Naomi McCleary, co-founder and chair of Going West Writers Festival, reflects on 25 years.
Naomi McCleary, co-founder and chairwoman of Going West Writers Festival, reflects on 25 years. She talks to Eleanor Black.
What were you reading 25 years ago?
Well, Going West by Maurice Gee had been out four years and when the idea of the festival was first mooted, that was the
motif in my mind. When I look at that first festival's programme, I see there were new novels out by Stephanie Johnson, Emily Perkins and Debra Daley - and I'm sure I read all of them as well.
How did the first festival come together?

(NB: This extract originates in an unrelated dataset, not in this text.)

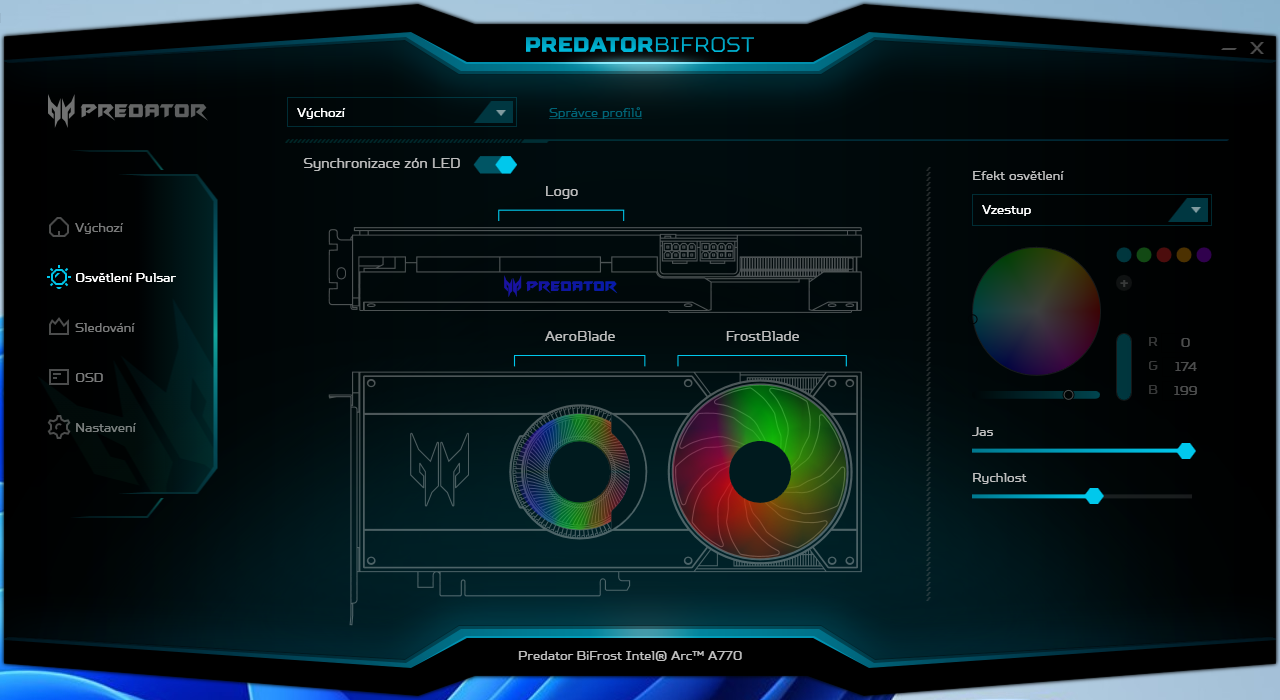 Acer Predator BiFrost Intel Arc A770 OC: 16 GB paměti za devět tisíc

Bob Harvey was the mayor and I was arts manager for Waitākere City. I walked into a bookshop in Parnell called Under Silkwood to buy a book and there was this guy behind the counter, Murray Gray [co-founder of Going West]. We were both Westies and he said, "I have always wanted to run a steam train from Auckland to Helensville and replicate the trip Maurice Gee described in Going West and to celebrate New Zealand writing." I said, "Are you serious, because I can help you make that happen." It was about bringing forth the voices of New Zealanders through its writers and orators. That first year, Gil Hanly came along and said she would be our photographer and Marti Friedlander would also leap up and take photographs.